It’s no longer enough for TV’s funny men to get out on there every night, deliver eight minutes of stand-up, and then hope we’re still around after the commercials for more scripted filler before the guests arrive.
If the Conans, the Fallons, the Kimmels and the Colbert’s aren’t producing some viral worthy snippet of content at least once a month, anyone of them could quickly reside in the “Where Are They Now Files” (Leno and Letterman excluded by their own lack of relevance and Stewart gets a pass because he’s Stewart). One can only imagine the tremendous strains this puts on the writing rooms (cue remake of the Larry Sanders Show).
But, advertisers want eye-balls. So if any one of these guys are getting said eyeballs, both in real time, and in the days and weeks ahead, well, that suddenly becomes the media buyers norm.
The conversations go something like this:
NBC MEDIA SALES GUY: Have you seen what Fallon is doing with the toy instruments. That Xylophone is bringing us 12 million Youtube views everytime he busts it out. Boom!
JACK LINKS MEDIA BUYER: Hm, that seems pretty good.
VIACOM MEDIA SALES GUY: Yeah, if you like your audience going to Youtube for content. We like em at ComedyCentral.com.

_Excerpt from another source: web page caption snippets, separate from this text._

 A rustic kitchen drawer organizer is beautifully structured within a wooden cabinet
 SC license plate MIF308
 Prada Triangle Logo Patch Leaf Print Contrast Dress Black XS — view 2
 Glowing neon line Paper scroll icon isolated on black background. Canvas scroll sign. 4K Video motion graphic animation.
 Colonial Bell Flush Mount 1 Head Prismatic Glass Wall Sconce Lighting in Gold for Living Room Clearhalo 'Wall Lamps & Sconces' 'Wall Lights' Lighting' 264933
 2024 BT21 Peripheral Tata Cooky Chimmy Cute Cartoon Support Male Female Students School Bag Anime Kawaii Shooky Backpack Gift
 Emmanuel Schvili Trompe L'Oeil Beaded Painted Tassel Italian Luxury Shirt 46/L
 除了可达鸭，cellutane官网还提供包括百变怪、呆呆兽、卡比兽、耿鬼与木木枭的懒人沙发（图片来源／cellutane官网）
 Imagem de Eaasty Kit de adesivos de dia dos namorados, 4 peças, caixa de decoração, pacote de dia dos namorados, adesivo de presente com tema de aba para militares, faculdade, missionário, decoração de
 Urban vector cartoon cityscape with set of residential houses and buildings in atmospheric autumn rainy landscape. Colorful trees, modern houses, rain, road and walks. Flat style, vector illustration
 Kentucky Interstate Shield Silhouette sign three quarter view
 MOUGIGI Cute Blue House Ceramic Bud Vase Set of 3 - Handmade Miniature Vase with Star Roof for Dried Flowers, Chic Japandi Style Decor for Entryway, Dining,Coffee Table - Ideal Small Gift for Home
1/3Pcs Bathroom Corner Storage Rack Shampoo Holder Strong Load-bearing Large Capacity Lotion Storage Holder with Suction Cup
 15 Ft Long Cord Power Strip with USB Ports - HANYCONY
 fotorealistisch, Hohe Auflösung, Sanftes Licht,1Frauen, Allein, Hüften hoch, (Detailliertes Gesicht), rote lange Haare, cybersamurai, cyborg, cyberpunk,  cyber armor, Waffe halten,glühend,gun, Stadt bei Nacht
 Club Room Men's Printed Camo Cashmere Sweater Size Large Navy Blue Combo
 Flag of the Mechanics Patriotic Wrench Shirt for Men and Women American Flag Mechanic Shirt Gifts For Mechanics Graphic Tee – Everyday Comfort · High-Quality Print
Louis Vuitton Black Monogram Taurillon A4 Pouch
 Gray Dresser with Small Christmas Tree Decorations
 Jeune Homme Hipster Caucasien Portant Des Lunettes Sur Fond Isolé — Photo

Colbert dancing around to Get Lucky brings us 1.5 million views. Basic cable, brah!
JACK LINKS MEDIA BUYER: Is that better? I’m confused.
ABC MEDIA SALES GUY: Kimmel’s got the time slot and the network. And now he’s got all of Kanye’s followers.
JACK LINKS MEDIA BUYER: Wait. Kanye’s got a show?
So for all you advertising creatives out there, like Self, just remember, your clients only expect something viral like, every month, or so. These guys have to do it every night.